[ACTIVITY]
Your copy should begin with the line containing "With 35K true", end with the line containing "And that is", match the listing below exactly, and contain no pictures.

^^^^^^^^^^^^^^^^

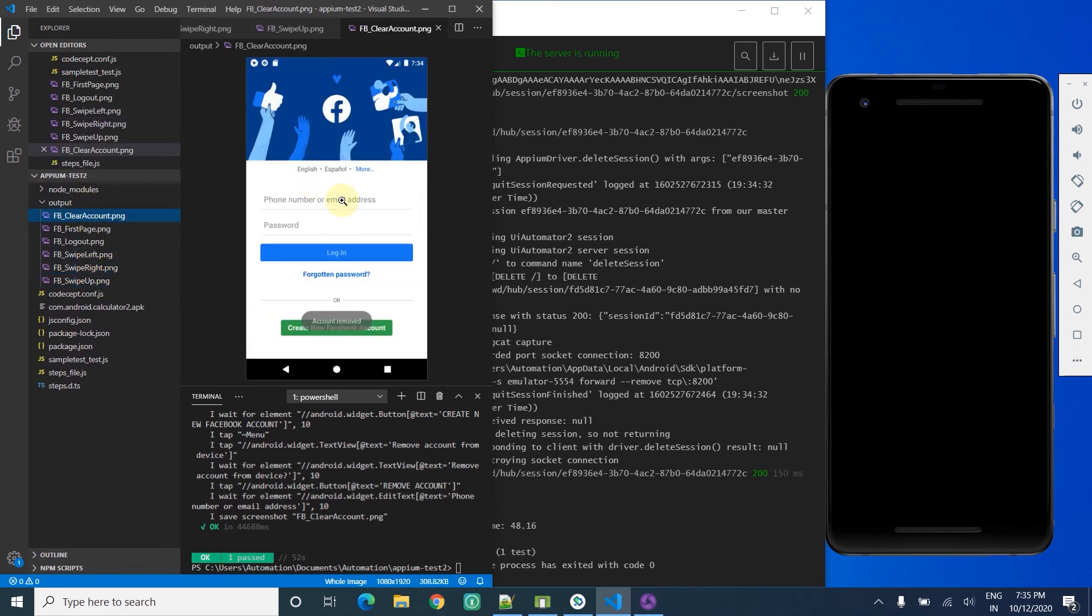That's it. Probably in the next video I will post more details about how to start doing Appium with CodeceptJS. Thanks for watching, thanks all, bye.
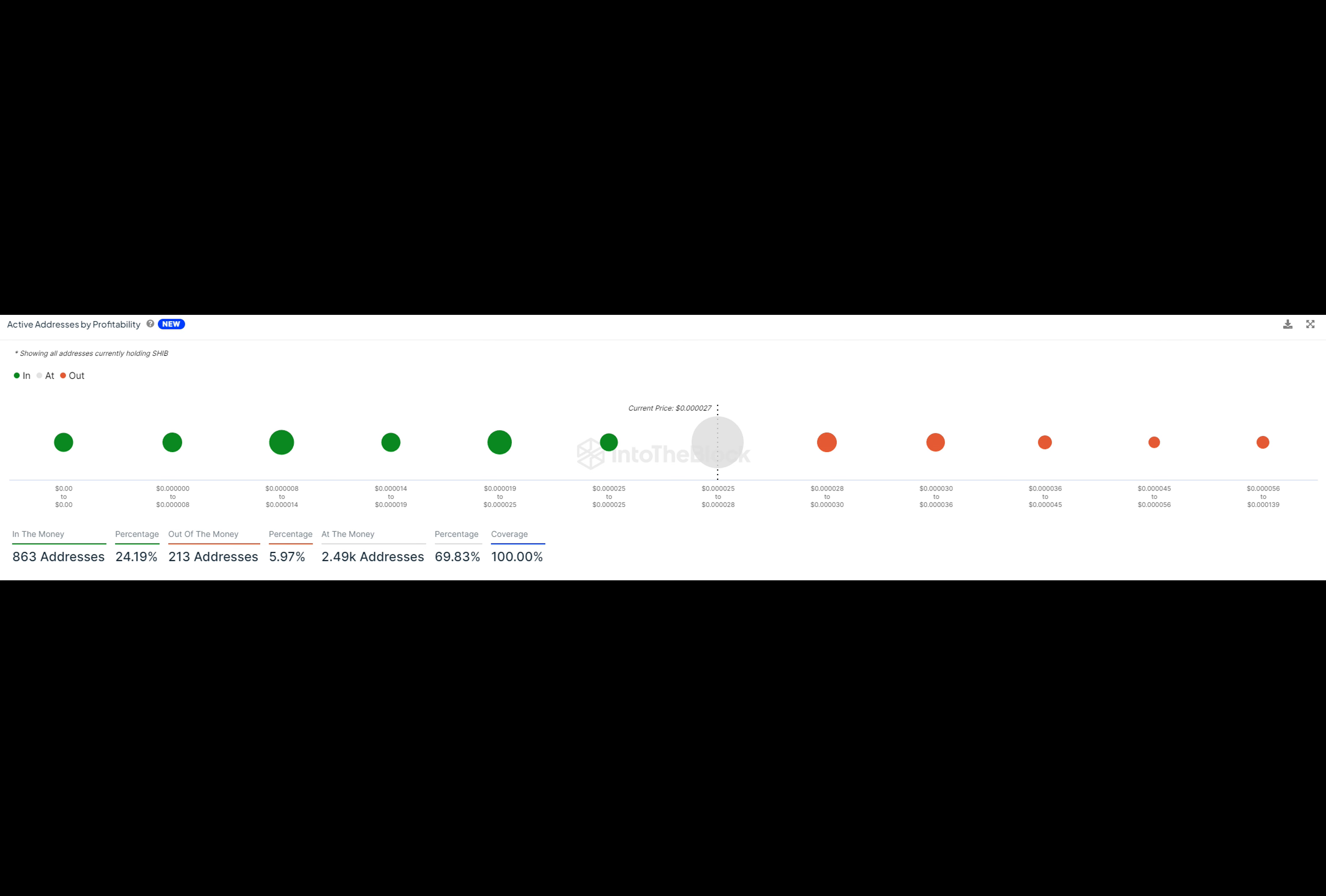With 35K true addresses backing it up, the current price seems firmly supported.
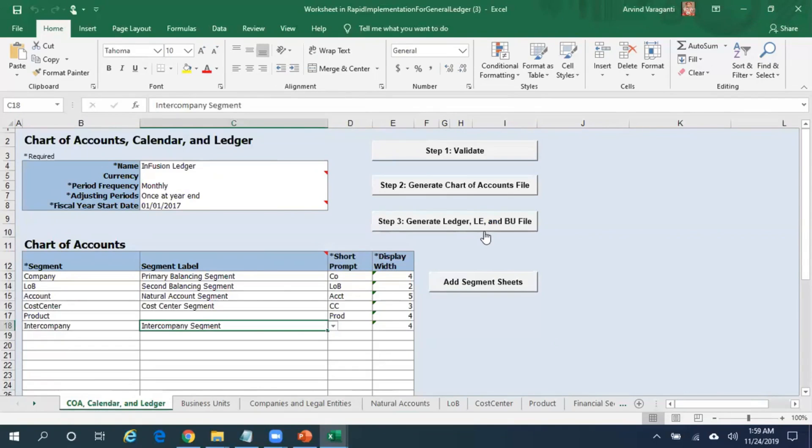As far as this particular video is concerned, my focus is on showing how the segment values need to be entered in the template and to give you an overview of the template. Through a single template, you should be able to create your chart of account, calendar, ledger, business units, segment values, etc., just using a single template.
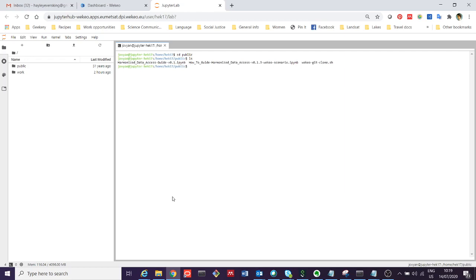I'm actually going to use this wekio-git-clone.sh script—it's a shell script to clone the repository of the training material that I want to use. So I'm going to do that by typing bash wekio-git-clone.sh, leaving a space, and then I'm going to paste in the link to the repository that I want to use.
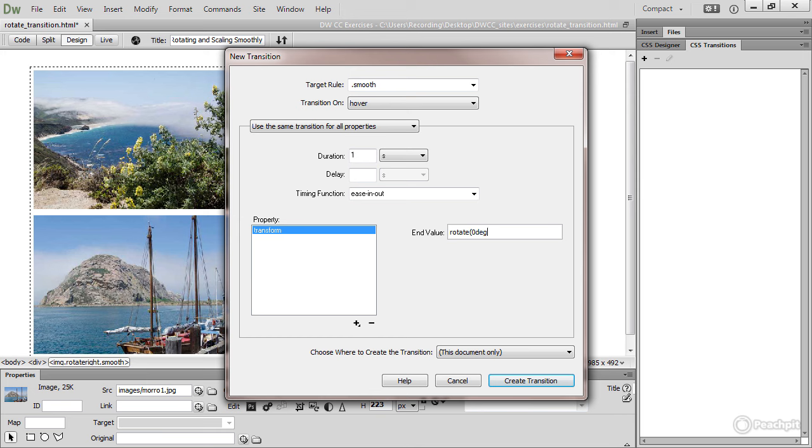No space between that 0 and the degree, then a space, and scale, open parenthesis, 1.5, close parenthesis. So this will scale up the images by one and a half times.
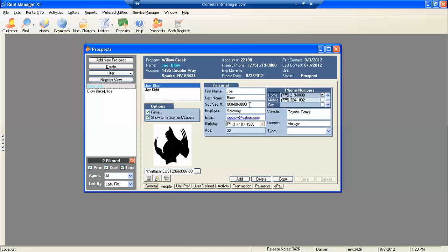As you can see, his first name, last name, social security, his employer, email, date of birth, age — we want you to start adding the vehicle, license plate number, and if we could insert a picture.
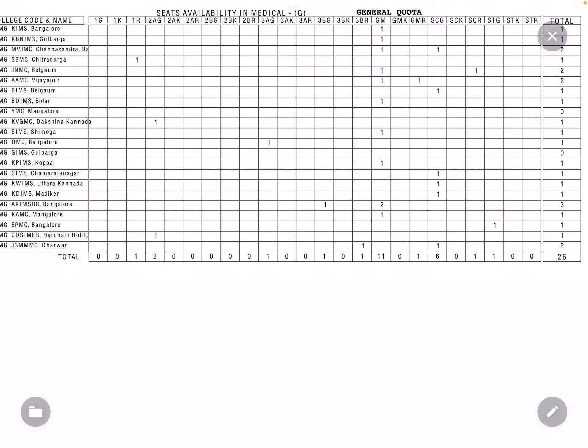Hello medical aspirants, here is good news for you. He has just released the provisional seat matrix for the mop-up round. Here you can see there are 26 vacant seats in the government quota. Government quota seat allni ippathawar seatu khali idhe.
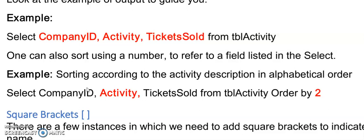So the next part is to display only selected fields. Previously we used select star and the star meant that we're showing all the fields. But we have a need to sometimes just show some of the fields from our table.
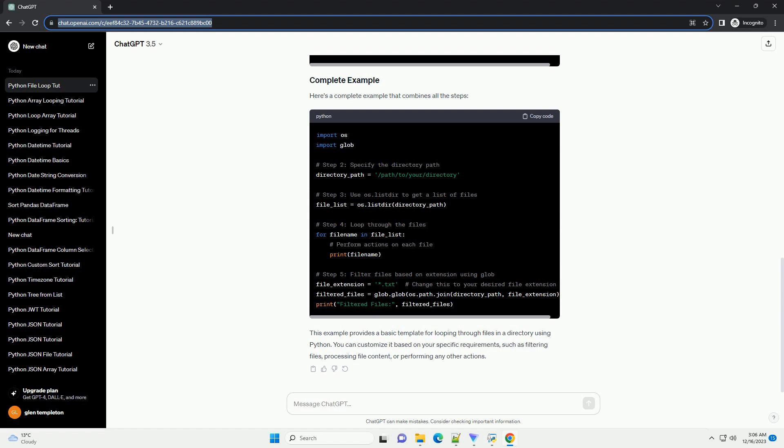Step 5: Loop Through the Files and Perform Desired Operations. Now that you have a list of files, you can loop through them and perform any desired operations. In this example, we'll print the name of each file.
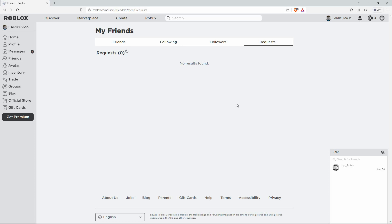And that is how to see the friend requests you sent on Roblox. Thank you for watching. If this video was helpful, please leave a like and subscribe to my channel for more videos like this, and click on that notification bell to never miss an update.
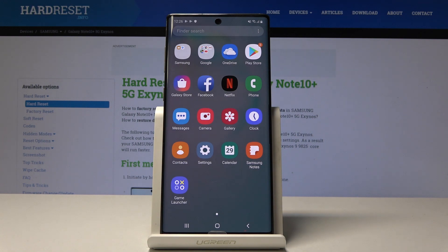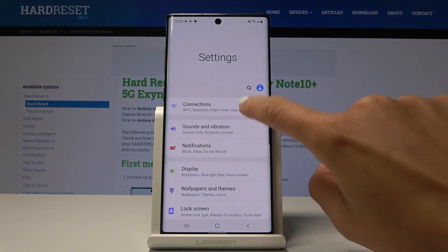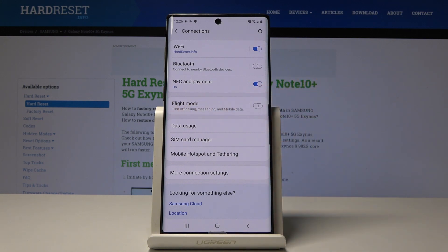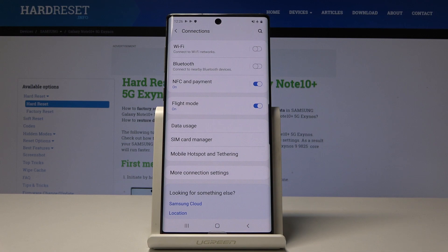The second option to activate this mode is through the settings. Open the list of all applications, then go to Settings, pick Connections, and here you will notice flight mode. If you would like to turn off calling, messaging, and mobile data, simply click on this switcher and that's it. As you can see, it's now active — here you've got the plane icon, so that means you're in airplane mode. You can switch it off the same way by tapping the switcher.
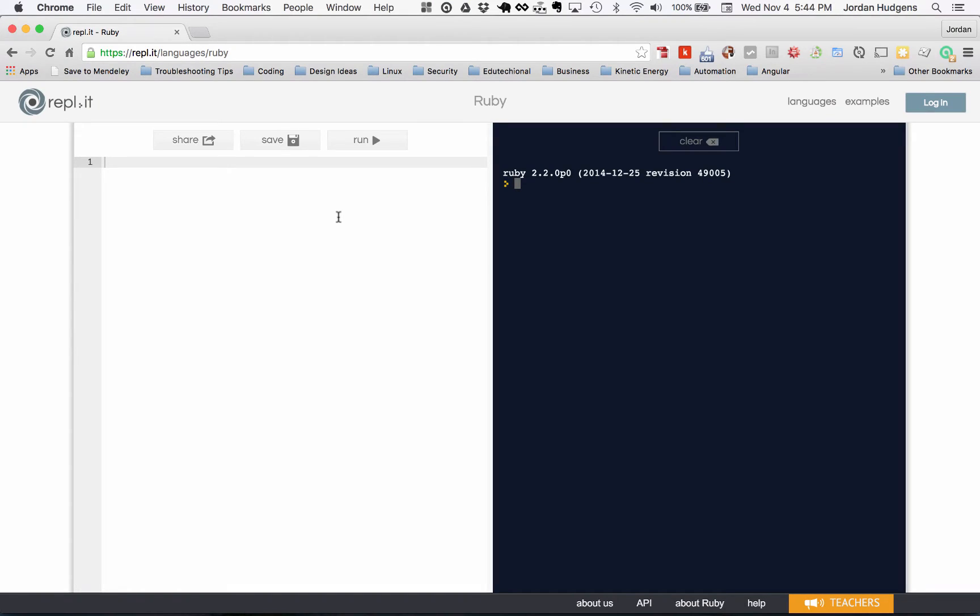In this first section, we're going to go over variables and how Ruby uses them and what the right syntax is. This is going to be a very quick lesson because they're pretty easy to understand.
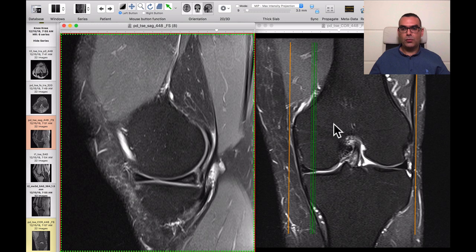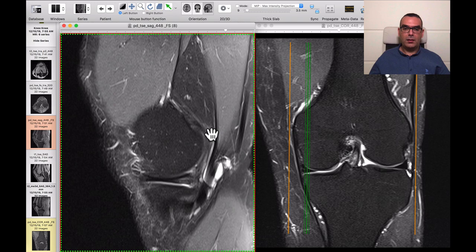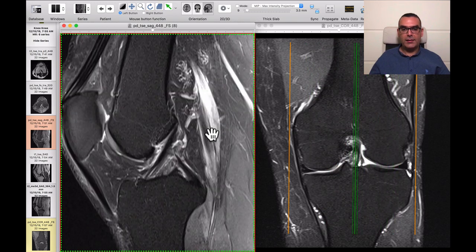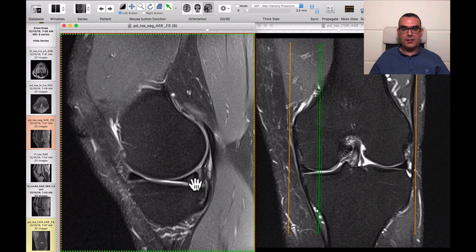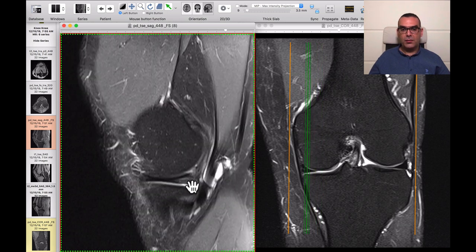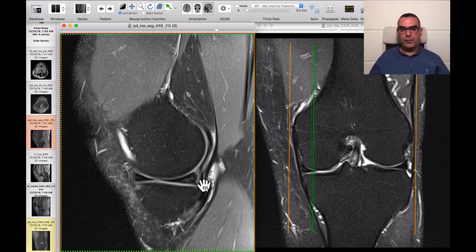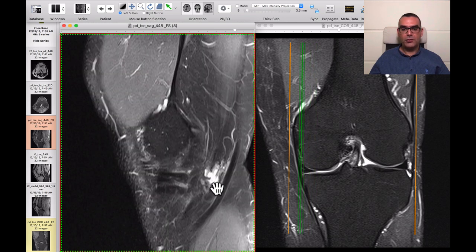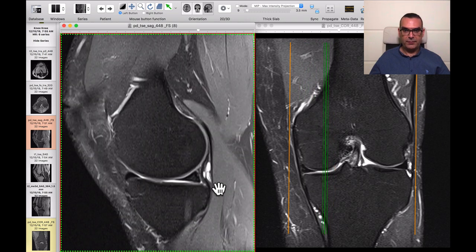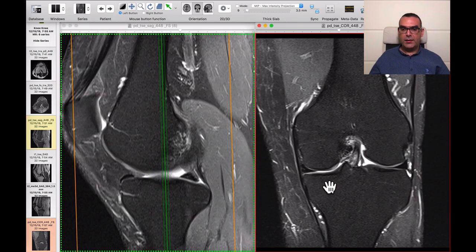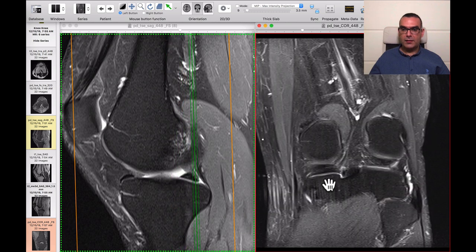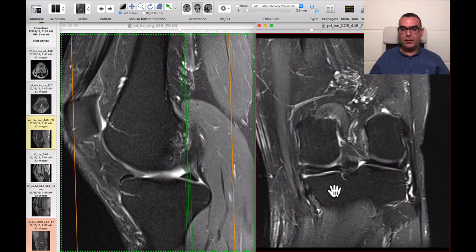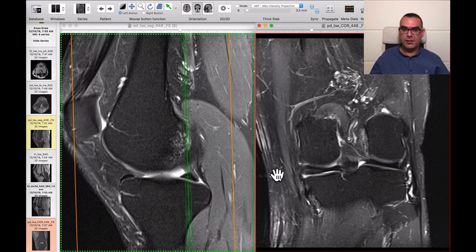This is mature bone — there is no epiphyseal plate. This is a 40-something year old lady. The abnormal signal within the posterior horn of the medial meniscus represents meniscal degeneration — we know it's degeneration because there is no interruption of the superior or inferior articular surfaces. On the coronal scan as well, there is swelling and abnormal hyperintensity within the posterior horn of the medial meniscus not reaching the meniscal surface.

^^^^^^^^^^^^^^^^

[OUTPUT FOR THIS TASK]
With 35K true addresses backing it up, the current price seems firmly supported.
As far as this particular video is concerned, my focus is on showing how the segment values need to be entered in the template and to give you an overview of the template. Through a single template, you should be able to create your chart of account, calendar, ledger, business units, segment values, etc., just using a single template.
I'm actually going to use this wekio-git-clone.sh script—it's a shell script to clone the repository of the training material that I want to use. So I'm going to do that by typing bash wekio-git-clone.sh, leaving a space, and then I'm going to paste in the link to the repository that I want to use.
No space between that 0 and the degree, then a space, and scale, open parenthesis, 1.5, close parenthesis. So this will scale up the images by one and a half times.
As you can see, his first name, last name, social security, his employer, email, date of birth, age — we want you to start adding the vehicle, license plate number, and if we could insert a picture.
Hello medical aspirants, here is good news for you. He has just released the provisional seat matrix for the mop-up round. Here you can see there are 26 vacant seats in the government quota. Government quota seat allni ippathawar seatu khali idhe.
So the next part is to display only selected fields. Previously we used select star and the star meant that we're showing all the fields. But we have a need to sometimes just show some of the fields from our table.
Step 5: Loop Through the Files and Perform Desired Operations. Now that you have a list of files, you can loop through them and perform any desired operations. In this example, we'll print the name of each file.
And that is how to see the friend requests you sent on Roblox. Thank you for watching. If this video was helpful, please leave a like and subscribe to my channel for more videos like this, and click on that notification bell to never miss an update.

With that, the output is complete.